When Victony sings, you can find everything. A thinker’s thinker, his deep cuts like ‘Pray’ and ‘Many Men’ coax you into the melancholy of introspection. Love, hedonism and all their friends make themselves comfortable throughout his discography, taking the shape of outsized pop bangers (‘Holy Father,’ ‘Soweto’). Often, you find him in the middle, juggling through everything and anything all at once. That’s why records like ‘My Darling’ might start as a pamper session and devolve into a highly erotic scene, where “coconut oil no fit to fry your dodo.” This is a man who has all the infinity stones, bending the world as he sees it again and again.
Via multiple career iterations, Victony has approached his career by curating personal eras. First trying his virgin voice out as a rapper, he reimagined himself as a singer, spamming the world with dance ballads. He’s also created and shared “Outlawville — a utopia — where pink clouds sail over blue and purple humanoids, representing himself and the people who assemble under his banner. In his previous artistic bent, his outfits often feature a baker boy cap, reminiscent of the 70s-80s Nigerian style sense. It’s a familiar hunting ground for his creative process. That’s why “Angelus” conjures images of our parents and the ones before them. That’s why songs like “Jolene” and “Angelus” are throwbacks, longing homages to a time forever behind us.
Victony’s debut album “Stubborn” continues that streak—this time, Victony sells resilience, the culture code for the Nigerian condition. To exist in modern-day Nigeria is to swim against the tide. In a country where the economy nosedives on a whim, multiple infrastructural gaps are breeding grounds for poverty and impunity. Thriving in Nigeria is an endurance test, where human effort clashes against limited opportunities, each person fashioning a unique path for themselves. To do this is to build mental muscle. To oppose reality via by being stubborn. For this campaign, Victony presents himself with a chain mail coif, denoting medieval militancy. The Nigerian way is the stubborn way—the world’s largest gathering of stubborn black people.
Victony doubles down on everything that has made him one of the most fascinating Nigerian musicians. His expansive production, cohesive messaging, mind-altering melodies, and palpable individualism at its centre are all designed to improve the silence.

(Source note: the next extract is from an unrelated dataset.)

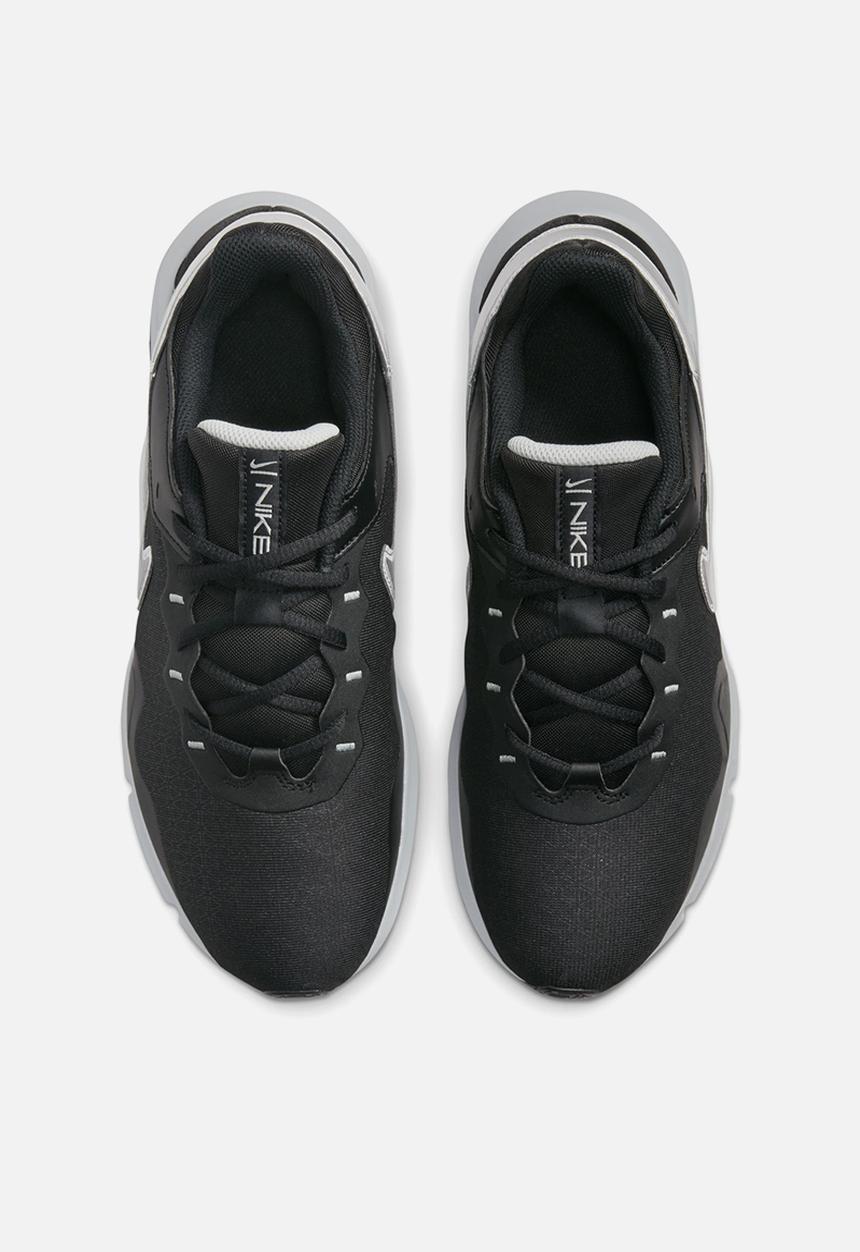 Nike - Legend essential 2 - black/mtlc cool grey-metallic silver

His 16-song, 49-minute album is a journey, all selling the central idea of resistance, revelling in humanity, and staying present.
‘Oshaprapa’ and ‘History’ are twin openers, telling origin hardship stories over mellow instrumentation. There’s hardly time for pure introspection, with Shallipopi assisting the party-starting “Ludo.” It’s the start of a love journey where “Anita” and “Risk” are celebrations of melodic aptitude — the type of musicianship that commands spaces with a heady soup of sweetness. Victony has always distinguished himself as a premium collaborator, exploring complementary pockets when he marries his art to a peer. American crooner SAINt JHN is the perfect partner on “Tiny Apartment.” While yearning for the return of a lost lover, their combinatory effects provide the highest point of this album, as they paint a bleak picture of romantic grief. That strain of surrender waits around on the retro ‘Slow Down,’ creating a multifusion axis of flirtation.
For much of its duration, “Stubborn” simply confirms the heterogeneous nature of Nigerian pop music. Everything and anything is welcome. Every influence can take on a local flavour, no matter how distant the origins. No two records are alike here. Each sticks out by itself while maintaining the integrity of the whole. It’s a tricky feat that gets lost in the album’s psychedelia —a technical win dwarfed by the quality of Victony’s stimulus.